According to the Decision, Article 16, Paragraph 1 of the Company Law provides that a company shall not be a guarantor except as otherwise provided by law or the company’s articles of incorporation, when the company may provide a guarantee, in order to ensure the financial stability of the company and prevent any problem arising the provision of a guarantee for others by the legal representative of a company. If a company provides property to secure the debt of another person, this is no different from the circumstances of serving as a guarantor for others in terms of the financial impact on the company. Therefore, this is also prohibited under the above-mentioned provision.
It was further indicated in this Decision that the scope of the business operated by the Appellant does not include guarantee business, and Article 4-2 of the company’s articles of incorporation provides that an external guarantee may be provided only due to operation or investment needs.
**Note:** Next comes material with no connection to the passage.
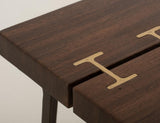 Walnut Chairside Table with Live-Edge Parota Wood & Gold Metal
Therefore, the guarantee provided by the Appellant by issuing the Check at Issue to secure the debt of C seems to be no different from the circumstance of serving as C’s guarantor in terms of the financial impact. The repeated argument of Appellant and the Intervenor that the Check at Issue, which was issued by the Appellant, should not be valid for its violation of Article 16, Paragraph 1 of the Company Law is not entirely baseless. The original trial court jumped to a finding unfavorable to the Appellant merely on the ground that since the Check at Issue does not contain any wording indicating “guarantee,” it is difficult to determine that guarantee is the causal relationship and failed to specifically explore if the Appellant’s issuance of the Check at Issue is connected with his operation or investment needs. Therefore, the original trial court certainly was unlawful for self-contradictory grounds and inappropriate application of Article 16, Paragraph 1 of the Company Law.